*Given information*:

────────────────

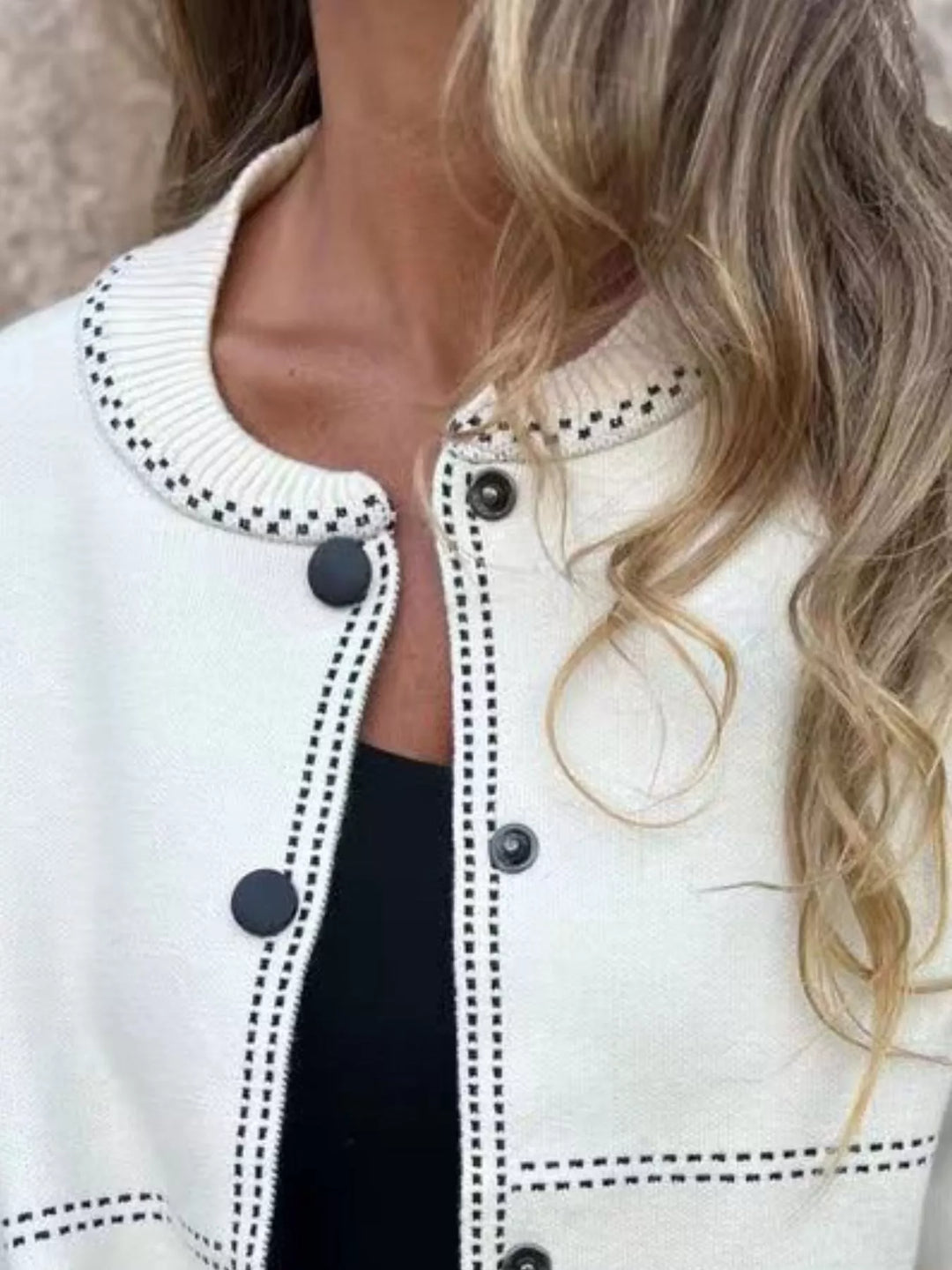 Plus size button up cardigan with stretch – flattering fit, easy care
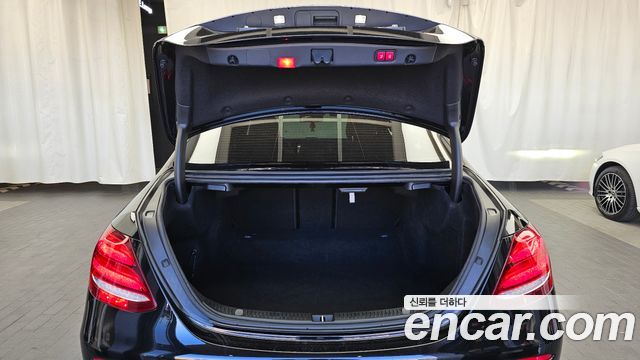 Mercedes-Benz E-Class 2019 — photo 20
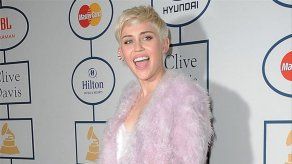 Miley Cyrus juega al Guitar Hero durante sus giras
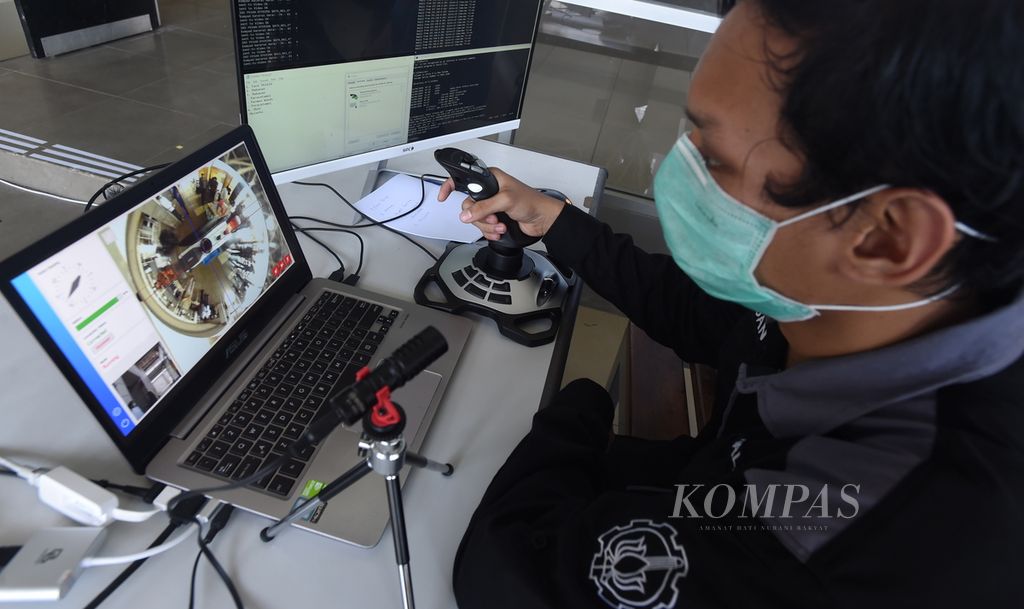 Mahasiswa mengendalikan Robot Medical Assistant ITS-UNAIR (RAISA) yang baru dibuat oleh Tim Robot Institut Teknologi Sepuluh Nopember (ITS), Surabaya, Jawa Timur, Selasa (14/4/2020)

────────────────

*Directions for this task*:
Copy verbatim the span that opens at the line with "Mercedes-Benz E-Class 2019 — photo 20" and closes at the final line of the listing. Do not carry over any pictures.

*Reply*:
 Mercedes-Benz E-Class 2019 — photo 20
 Miley Cyrus juega al Guitar Hero durante sus giras
 Mahasiswa mengendalikan Robot Medical Assistant ITS-UNAIR (RAISA) yang baru dibuat oleh Tim Robot Institut Teknologi Sepuluh Nopember (ITS), Surabaya, Jawa Timur, Selasa (14/4/2020)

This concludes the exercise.